#### PROBLEM
Filter these records by the string "with", copying each line that holds it.

#### TASK INPUTS
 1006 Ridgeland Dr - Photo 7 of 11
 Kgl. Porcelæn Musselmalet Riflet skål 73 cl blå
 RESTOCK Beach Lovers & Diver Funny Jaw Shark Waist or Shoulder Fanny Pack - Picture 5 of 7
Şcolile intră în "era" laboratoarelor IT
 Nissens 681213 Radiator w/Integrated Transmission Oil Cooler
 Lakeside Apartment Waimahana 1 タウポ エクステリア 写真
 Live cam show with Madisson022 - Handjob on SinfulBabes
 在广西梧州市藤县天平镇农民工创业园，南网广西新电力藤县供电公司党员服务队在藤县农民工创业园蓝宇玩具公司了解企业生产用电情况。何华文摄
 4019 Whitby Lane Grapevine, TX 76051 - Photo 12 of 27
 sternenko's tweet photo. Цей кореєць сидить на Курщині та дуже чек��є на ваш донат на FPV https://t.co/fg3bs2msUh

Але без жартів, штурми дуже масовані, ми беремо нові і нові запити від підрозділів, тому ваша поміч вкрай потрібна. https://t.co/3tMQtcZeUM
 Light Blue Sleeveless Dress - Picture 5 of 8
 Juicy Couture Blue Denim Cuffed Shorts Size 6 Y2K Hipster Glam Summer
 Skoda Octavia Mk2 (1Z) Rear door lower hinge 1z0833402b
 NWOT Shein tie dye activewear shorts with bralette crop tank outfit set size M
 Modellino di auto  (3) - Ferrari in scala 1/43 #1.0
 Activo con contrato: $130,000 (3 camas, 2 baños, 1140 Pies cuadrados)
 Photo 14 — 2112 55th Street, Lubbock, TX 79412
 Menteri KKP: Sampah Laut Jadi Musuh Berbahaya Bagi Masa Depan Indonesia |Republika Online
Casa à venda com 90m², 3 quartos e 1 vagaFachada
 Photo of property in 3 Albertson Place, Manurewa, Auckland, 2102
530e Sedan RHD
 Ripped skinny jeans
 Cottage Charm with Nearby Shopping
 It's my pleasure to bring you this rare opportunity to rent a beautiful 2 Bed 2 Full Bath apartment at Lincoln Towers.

#### TASK ANSWER
 Live cam show with Madisson022 - Handjob on SinfulBabes
 NWOT Shein tie dye activewear shorts with bralette crop tank outfit set size M
 Cottage Charm with Nearby Shopping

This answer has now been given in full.